→ **What you need to do**
Only those lines from the one with "8月30日（土）【分館】図書" through the last line of the material belong in the answer, each repeated exactly.

→ **Exercise data**
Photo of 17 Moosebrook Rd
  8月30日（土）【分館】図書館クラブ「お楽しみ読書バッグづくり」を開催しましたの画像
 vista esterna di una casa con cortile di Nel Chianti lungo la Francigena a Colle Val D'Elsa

→ **Answer section**
  8月30日（土）【分館】図書館クラブ「お楽しみ読書バッグづくり」を開催しましたの画像
 vista esterna di una casa con cortile di Nel Chianti lungo la Francigena a Colle Val D'Elsa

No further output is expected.